▶ **Exercise requirements**
In the records below, take the line with "Applied Nutrition Amino" and all lines after it, and copy them exactly, pictures excluded.

Top of Supplied information

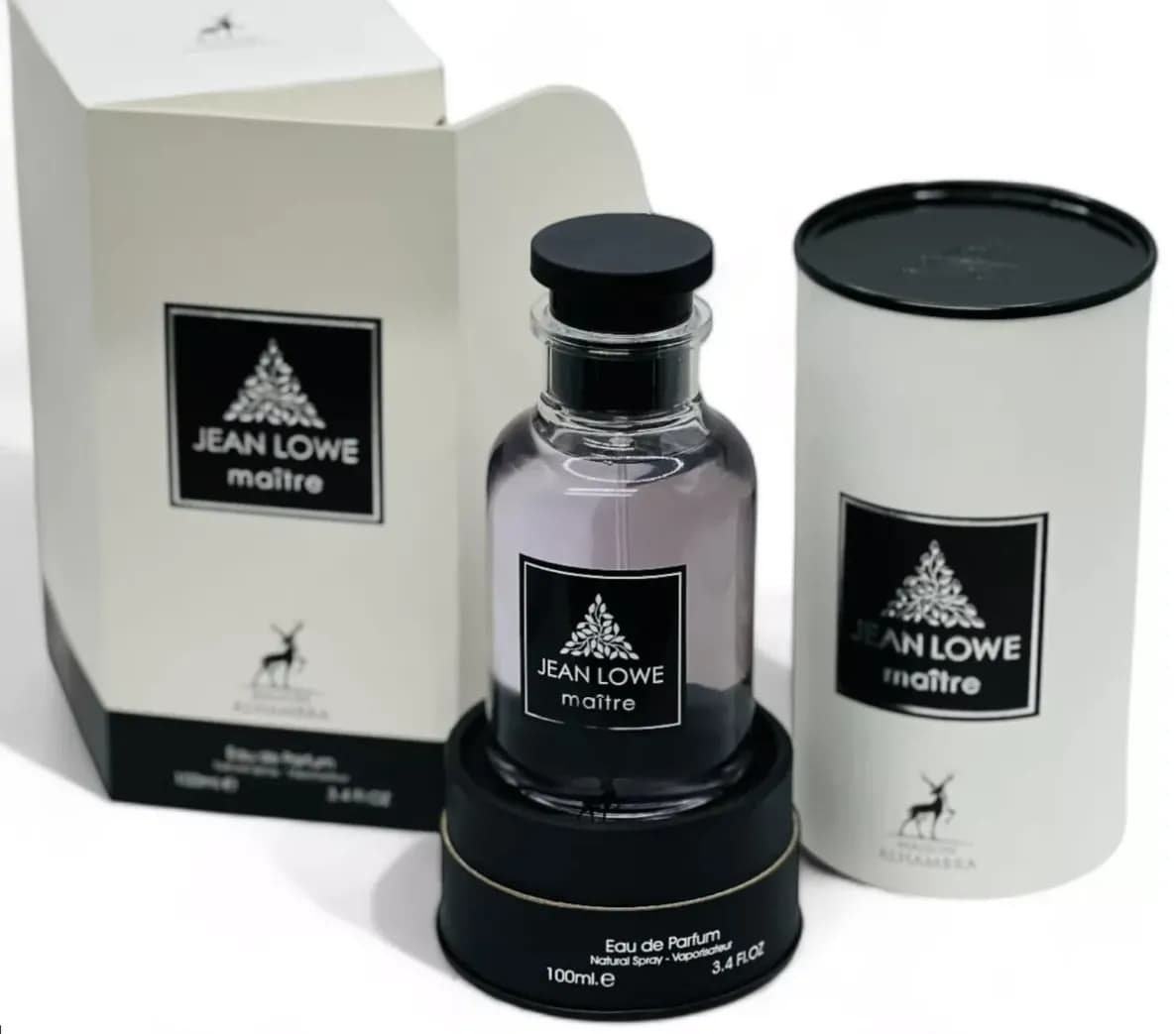 عطر ادکلن جین لوو مایتره الحمبرا (مشابه لویی ویتون متیر نویر) | JEAN LOWE maitre BY ALHAMBRA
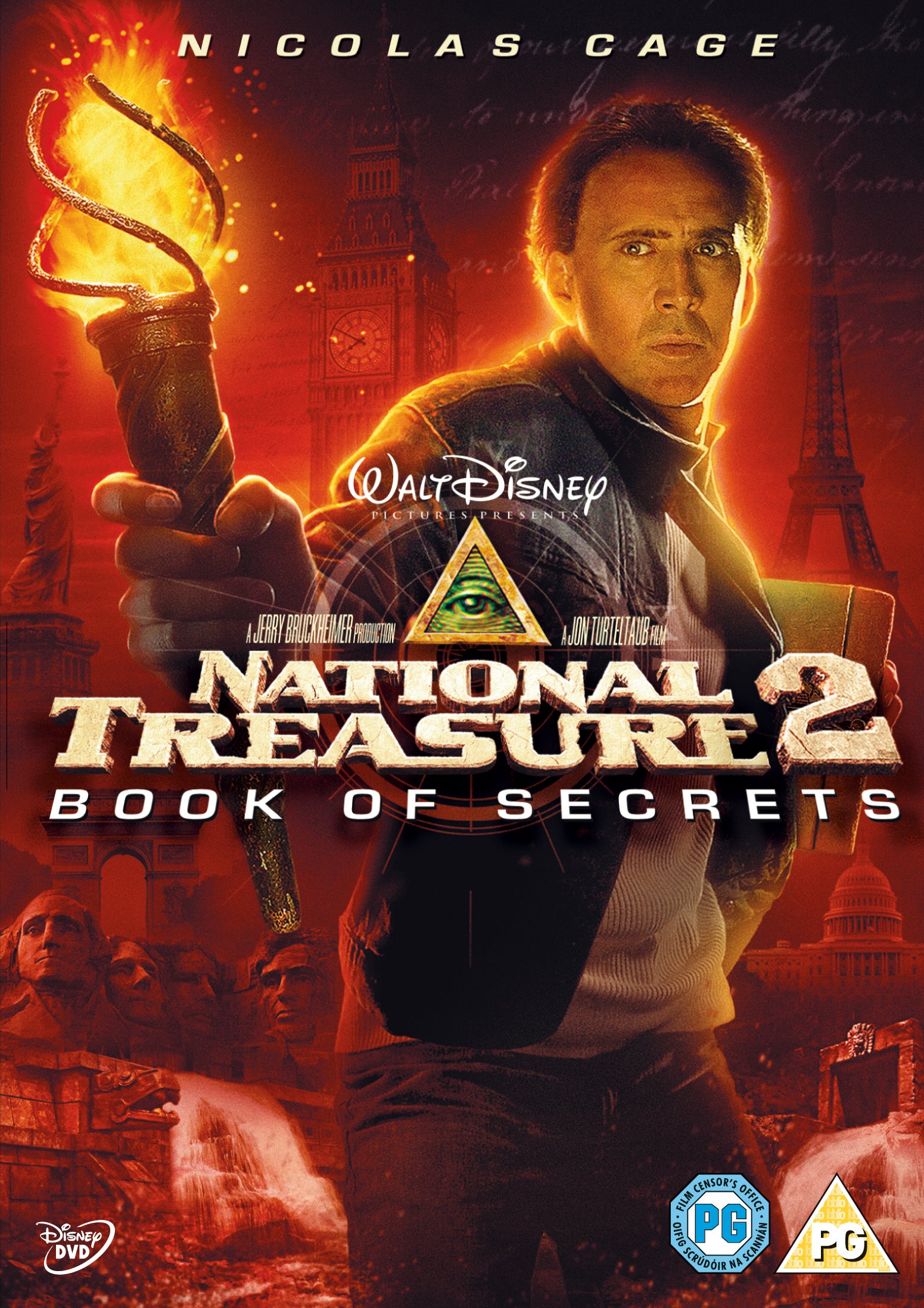 National Treasure 2 - Book Of Secrets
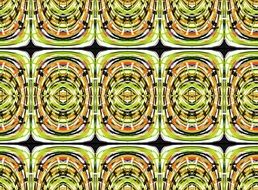 Painterly Tile Background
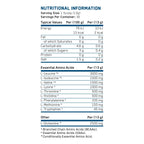 Applied Nutrition Amino Fuel EAA 91g – Nährwerttabelle und Zutaten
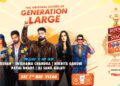 सीग्रामचा रॉयल स्टॅग बूमबॉक्स ‘जनरेशन लार्ज’ च्या मूळ आवाजासह परत आले आहे.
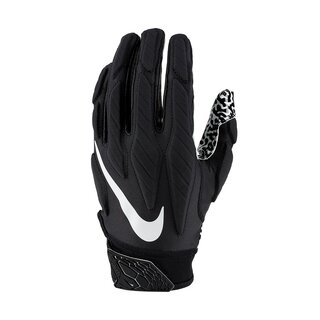 Nike Superbad 5.0 American Football Handschuhe - schwarz/weiß Gr. XL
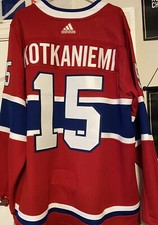 Adidas Pro Authentic Montreal Canadiens KOTKANIEMI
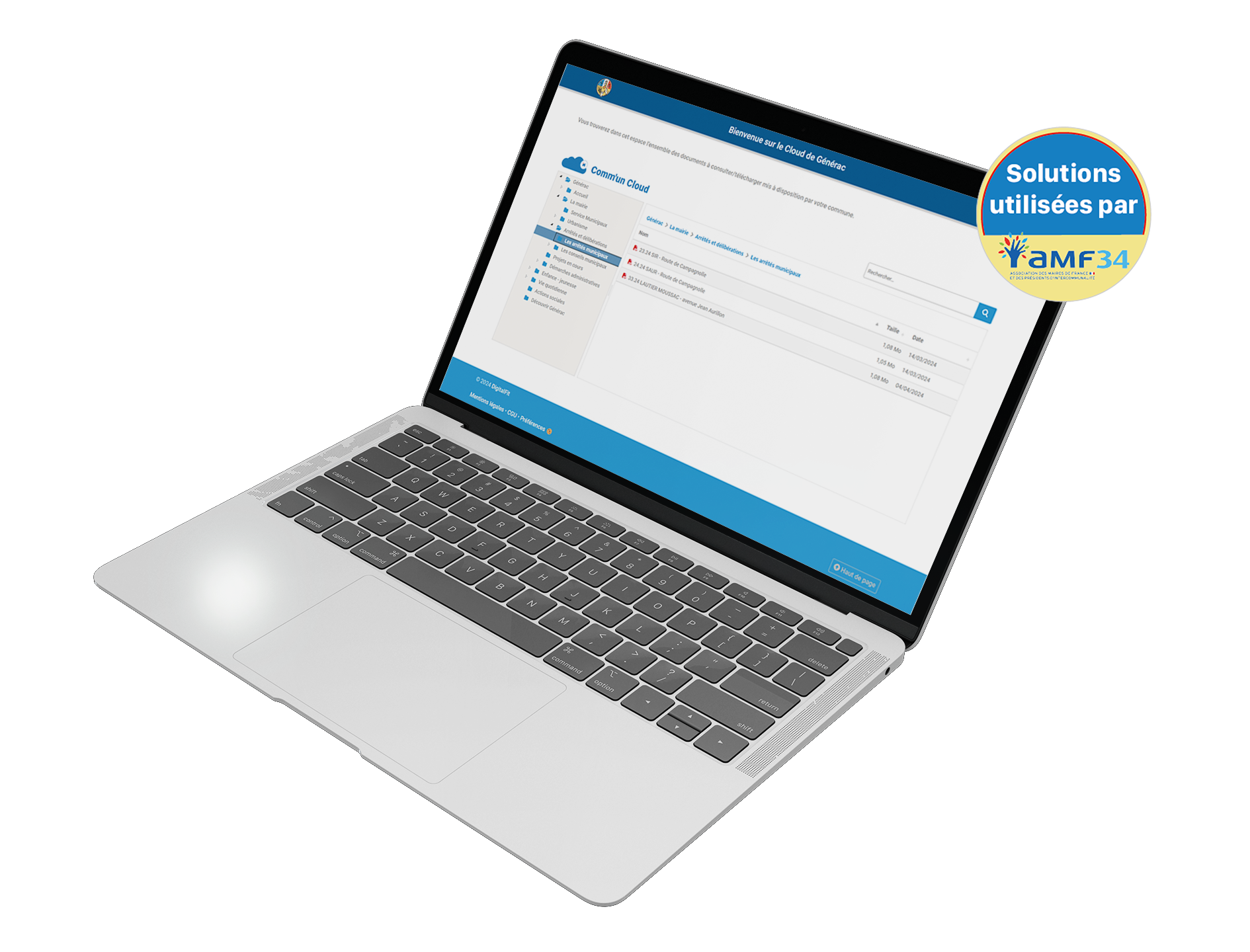 Comm'un Cloud - Mockup cloud Generac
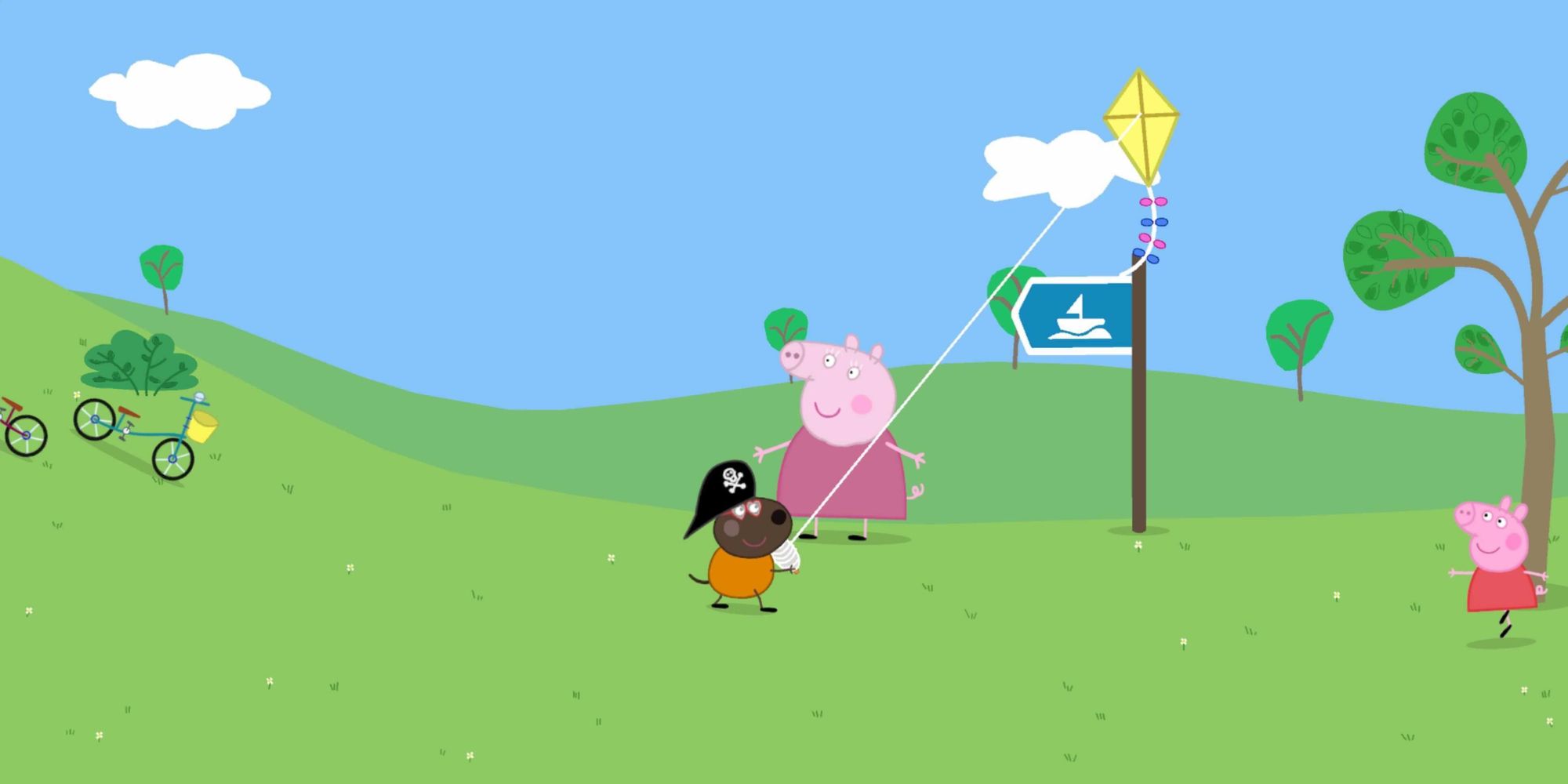 We Got A Three Year Old Kid To Review Peppa Pig: World Adventures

Bottom of Supplied information

▶ **Output**
 Applied Nutrition Amino Fuel EAA 91g – Nährwerttabelle und Zutaten
 सीग्रामचा रॉयल स्टॅग बूमबॉक्स ‘जनरेशन लार्ज’ च्या मूळ आवाजासह परत आले आहे.
 Nike Superbad 5.0 American Football Handschuhe - schwarz/weiß Gr. XL
 Adidas Pro Authentic Montreal Canadiens KOTKANIEMI
 Comm'un Cloud - Mockup cloud Generac
 We Got A Three Year Old Kid To Review Peppa Pig: World Adventures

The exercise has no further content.